- _Aim of the task_: In the listing below, the answer starts at the line that has "1996 Upper Deck" and stops after the line that has "Pink Organic Cotton Women T-Shirt"; please repeat that part exactly and nothing more.

================================

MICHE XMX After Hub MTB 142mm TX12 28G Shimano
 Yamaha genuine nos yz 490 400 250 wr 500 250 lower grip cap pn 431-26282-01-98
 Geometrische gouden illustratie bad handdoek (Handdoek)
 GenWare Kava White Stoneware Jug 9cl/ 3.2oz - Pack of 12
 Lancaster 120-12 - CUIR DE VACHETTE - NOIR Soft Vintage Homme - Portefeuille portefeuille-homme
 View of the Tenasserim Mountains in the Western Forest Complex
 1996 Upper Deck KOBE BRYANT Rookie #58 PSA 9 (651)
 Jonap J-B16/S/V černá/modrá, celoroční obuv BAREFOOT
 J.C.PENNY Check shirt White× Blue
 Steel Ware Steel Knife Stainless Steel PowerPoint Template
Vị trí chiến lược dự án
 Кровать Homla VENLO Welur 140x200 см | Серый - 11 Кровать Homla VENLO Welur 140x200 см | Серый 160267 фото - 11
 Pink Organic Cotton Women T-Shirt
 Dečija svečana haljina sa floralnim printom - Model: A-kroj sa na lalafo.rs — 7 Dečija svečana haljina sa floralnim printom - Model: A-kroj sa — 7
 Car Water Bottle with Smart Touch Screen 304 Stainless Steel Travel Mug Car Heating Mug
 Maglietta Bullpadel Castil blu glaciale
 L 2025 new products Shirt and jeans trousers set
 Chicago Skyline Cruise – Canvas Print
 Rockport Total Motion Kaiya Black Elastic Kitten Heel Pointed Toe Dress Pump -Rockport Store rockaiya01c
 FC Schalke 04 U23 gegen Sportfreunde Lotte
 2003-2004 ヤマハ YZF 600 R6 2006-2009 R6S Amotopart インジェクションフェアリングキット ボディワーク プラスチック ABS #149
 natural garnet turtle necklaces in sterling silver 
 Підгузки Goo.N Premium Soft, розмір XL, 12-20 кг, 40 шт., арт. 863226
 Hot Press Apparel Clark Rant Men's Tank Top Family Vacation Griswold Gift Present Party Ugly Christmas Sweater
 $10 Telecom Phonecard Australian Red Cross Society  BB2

================================

- _Answer space_:
 1996 Upper Deck KOBE BRYANT Rookie #58 PSA 9 (651)
 Jonap J-B16/S/V černá/modrá, celoroční obuv BAREFOOT
 J.C.PENNY Check shirt White× Blue
 Steel Ware Steel Knife Stainless Steel PowerPoint Template
Vị trí chiến lược dự án
 Кровать Homla VENLO Welur 140x200 см | Серый - 11 Кровать Homla VENLO Welur 140x200 см | Серый 160267 фото - 11
 Pink Organic Cotton Women T-Shirt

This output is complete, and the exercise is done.